If oral medication does not help and the shoulder bursitis does not resolve on its own, your healthcare professional may recommend a corticosteroid injection to the bursa. While some research demonstrates a significant amount of pain relief for most patients, there is no evidence of long-term pain relief.
Shoulder bursitis exercise
Exercises for shoulder impingement may likely work for shoulder bursitis because both of them usually occur together since there is a lack of sufficient research for shoulder bursitis. While some manual therapists may suggest specific shoulder exercises, current evidence suggests that they are not that better or different than general exercises.
A group of Danish researchers reviewed six qualified studies with 231 subjects total and found that “there is insufficient evidence to either support or disprove specific exercises strategies for treatment of patients with [shoulder impingement syndrome].”
Lead researcher Dr. Alison Shire from VIA University College and her colleagues compared studies that used “specific” exercises — like scapular stabilization, proprioception training, and “centering” the humeral head of the upper arm bone — with those that did not use them.
Altogether, the evidence of the outcome is quite mixed. Small sample sizes, small number of studies in the review, and lack of adequate blinding of the subjects and researchers were some of the limitations. They were not able to recommend exercise intensity, duration, and frequency.
A 2019 Swedish study found that eccentric exercise training, where the movement is emphasized on the elongation of a muscle under tension, “may provide a small but likely not clinically important reduction in pain” for patients with shoulder impingement syndrome.
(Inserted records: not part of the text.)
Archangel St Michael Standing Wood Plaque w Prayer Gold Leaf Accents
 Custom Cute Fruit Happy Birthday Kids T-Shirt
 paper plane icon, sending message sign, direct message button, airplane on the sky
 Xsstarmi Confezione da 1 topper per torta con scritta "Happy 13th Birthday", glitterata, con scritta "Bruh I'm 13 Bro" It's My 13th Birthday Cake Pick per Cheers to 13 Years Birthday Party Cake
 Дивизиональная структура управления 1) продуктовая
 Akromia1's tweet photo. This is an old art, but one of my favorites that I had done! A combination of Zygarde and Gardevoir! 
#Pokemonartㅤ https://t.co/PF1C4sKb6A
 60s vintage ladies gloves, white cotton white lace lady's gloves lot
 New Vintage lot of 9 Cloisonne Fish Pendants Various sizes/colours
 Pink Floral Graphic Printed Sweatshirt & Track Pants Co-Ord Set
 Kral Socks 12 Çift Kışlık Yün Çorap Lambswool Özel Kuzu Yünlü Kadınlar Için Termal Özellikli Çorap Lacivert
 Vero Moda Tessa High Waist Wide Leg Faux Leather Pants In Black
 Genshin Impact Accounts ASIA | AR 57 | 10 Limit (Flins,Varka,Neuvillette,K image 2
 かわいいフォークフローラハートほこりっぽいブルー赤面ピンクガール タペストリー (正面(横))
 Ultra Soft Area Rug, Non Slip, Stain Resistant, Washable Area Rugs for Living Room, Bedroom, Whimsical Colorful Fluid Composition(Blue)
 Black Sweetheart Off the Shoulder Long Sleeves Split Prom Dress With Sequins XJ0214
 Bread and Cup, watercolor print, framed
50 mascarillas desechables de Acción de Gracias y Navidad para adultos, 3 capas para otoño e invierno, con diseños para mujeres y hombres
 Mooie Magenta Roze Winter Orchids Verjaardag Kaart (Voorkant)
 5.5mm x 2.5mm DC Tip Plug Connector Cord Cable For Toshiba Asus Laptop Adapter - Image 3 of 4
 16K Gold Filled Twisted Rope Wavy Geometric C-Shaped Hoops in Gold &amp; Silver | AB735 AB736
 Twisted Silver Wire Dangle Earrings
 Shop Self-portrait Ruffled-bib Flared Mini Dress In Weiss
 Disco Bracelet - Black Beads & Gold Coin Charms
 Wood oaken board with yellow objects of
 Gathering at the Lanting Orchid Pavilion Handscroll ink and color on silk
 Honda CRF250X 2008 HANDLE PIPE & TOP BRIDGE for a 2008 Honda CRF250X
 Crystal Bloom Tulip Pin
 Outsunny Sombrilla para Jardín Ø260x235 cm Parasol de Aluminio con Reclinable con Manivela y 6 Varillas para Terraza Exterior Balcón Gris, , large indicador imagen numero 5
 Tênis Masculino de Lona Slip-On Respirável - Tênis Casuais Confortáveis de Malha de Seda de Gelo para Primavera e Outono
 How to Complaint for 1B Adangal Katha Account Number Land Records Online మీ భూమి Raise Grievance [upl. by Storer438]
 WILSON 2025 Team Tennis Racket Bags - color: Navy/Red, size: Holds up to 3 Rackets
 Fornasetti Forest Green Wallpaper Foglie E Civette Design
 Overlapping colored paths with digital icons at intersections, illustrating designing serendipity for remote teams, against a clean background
A six- to eight-week rehab program was just as effective as a 12-week program.
Shoulder bursitis surgery
Most physicians recommend surgery for shoulder bursitis if conservative treatments fail. A 2006 systematic review found that arthroscopy shoulder surgery for shoulder impingement syndrome is more effective than open acromioplasty with regard to functional limitations and return to work” in the short term. However, in the long run, both types of surgeries are “equally effective” in improving function.
The authors warned that most of the 18 studies reviewed were of low quality due to bias, such as lack of blinding of the practitioners in 70% of the trials and lack of mentioning of treatment allocation or whether the patients had more than one treatment. Thus, the conclusion and results are likely provisional, especially for shoulder bursitis since there is a lack of sufficient evidence about it.
Massage therapy likely would not affect shoulder bursitis much and may alleviate symptoms in the short term. While there are no known protocols or specific type of massage to treat shoulder bursitis, it is likely that almost any type of massage that the client or patient prefers would help, as long as it does not worsen the bursitis, pain, or shoulder function.
If you have symptomatic shoulder bursitis, working with a team of healthcare professionals, including a qualified massage therapist, and proper self-care may ease the pain and suffering on your road to recovery.